> Exercise requirements:
Lines from the one containing "Condominio en alquiler" through the final line of the records below are needed, copied exactly, with no pictures.

> Material provided:
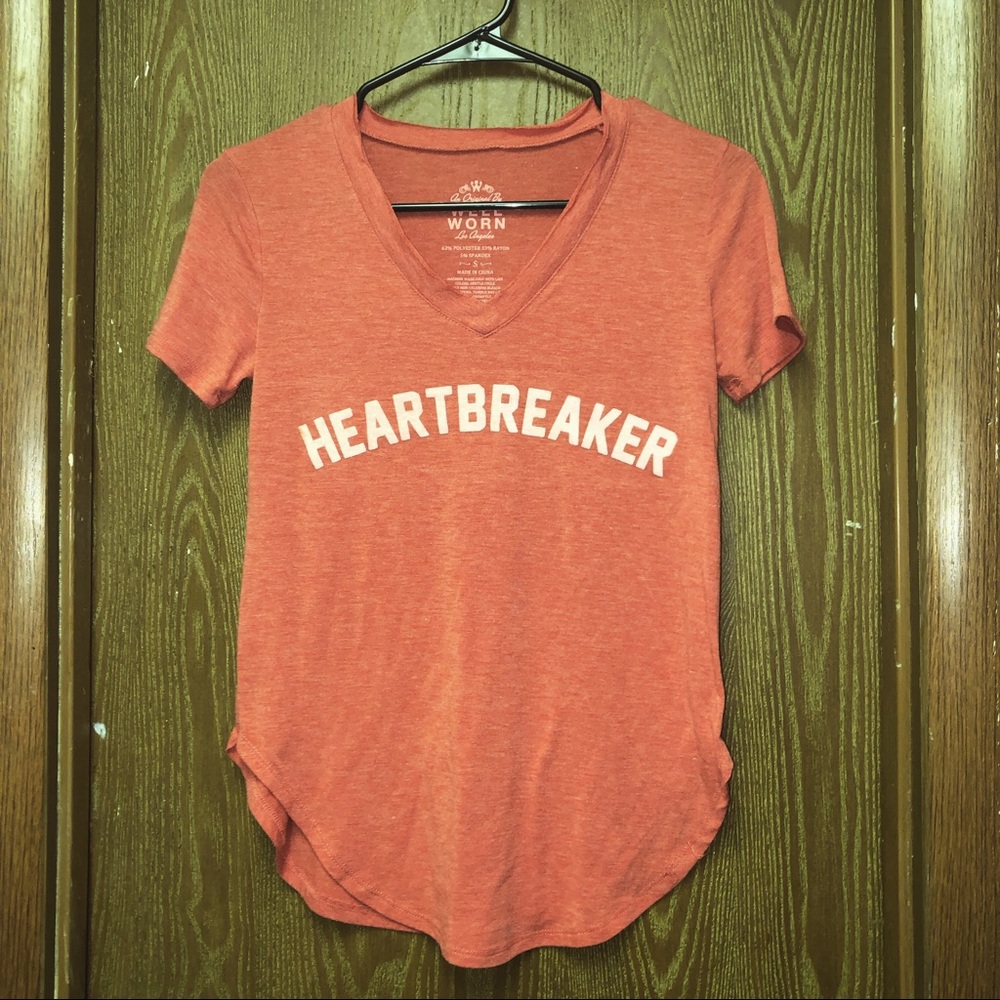 graphic tee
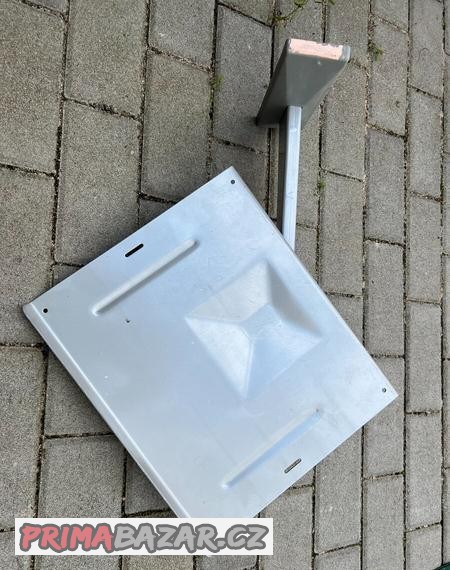 Otočný držák na zeď pro TV nebo monitor, Ikea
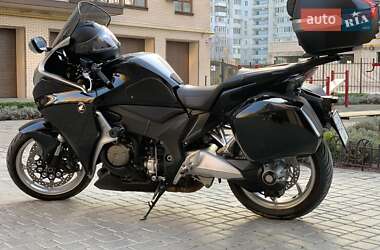 Мотоцикл Спорт-туризм Honda VFR 1200F 2014 в Черкасах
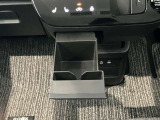 センター中央ににドリンクホルダーあります♪運転中でも手が届きやすい位置にあって使い易いです♪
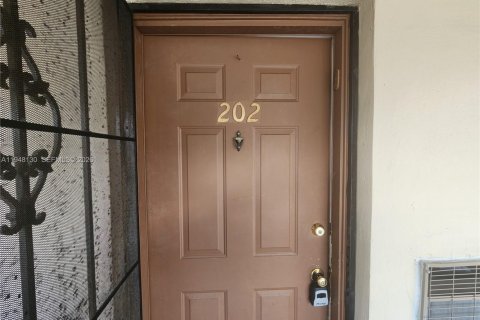 Condominio en alquiler en Margate, Florida, 2 dormitorios, 91.97 m2 № 2006342 - foto 2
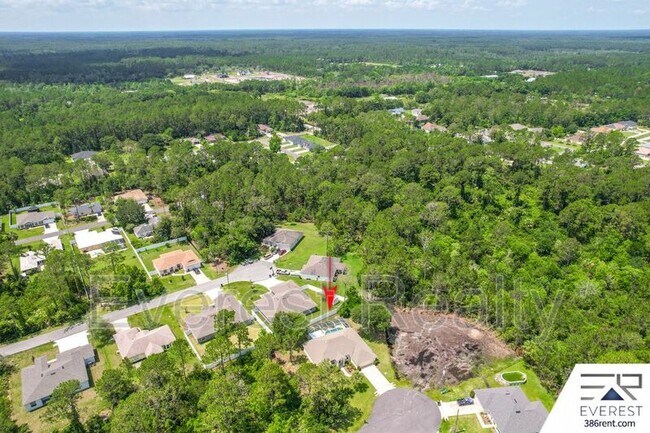 Building Photo - 13 Sleigh Bell Pl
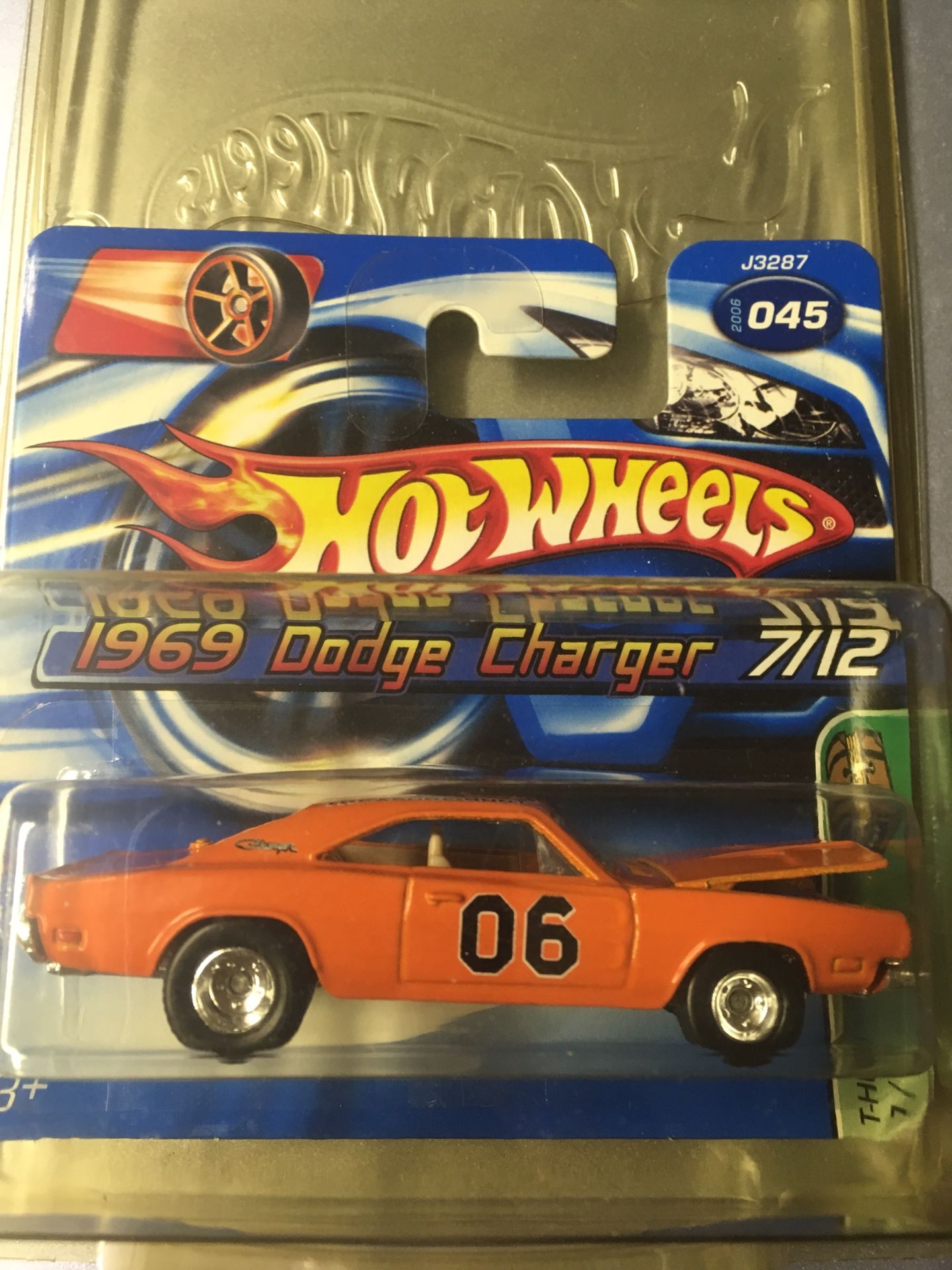 Vintage Hot Wheels Treasure Hunt Inspired by Dukes of Hazzard General Lee Toy Collection Rare short card. Pleas Note: shelf ware on lower right corner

> Response box:
 Condominio en alquiler en Margate, Florida, 2 dormitorios, 91.97 m2 № 2006342 - foto 2
 Building Photo - 13 Sleigh Bell Pl
 Vintage Hot Wheels Treasure Hunt Inspired by Dukes of Hazzard General Lee Toy Collection Rare short card. Pleas Note: shelf ware on lower right corner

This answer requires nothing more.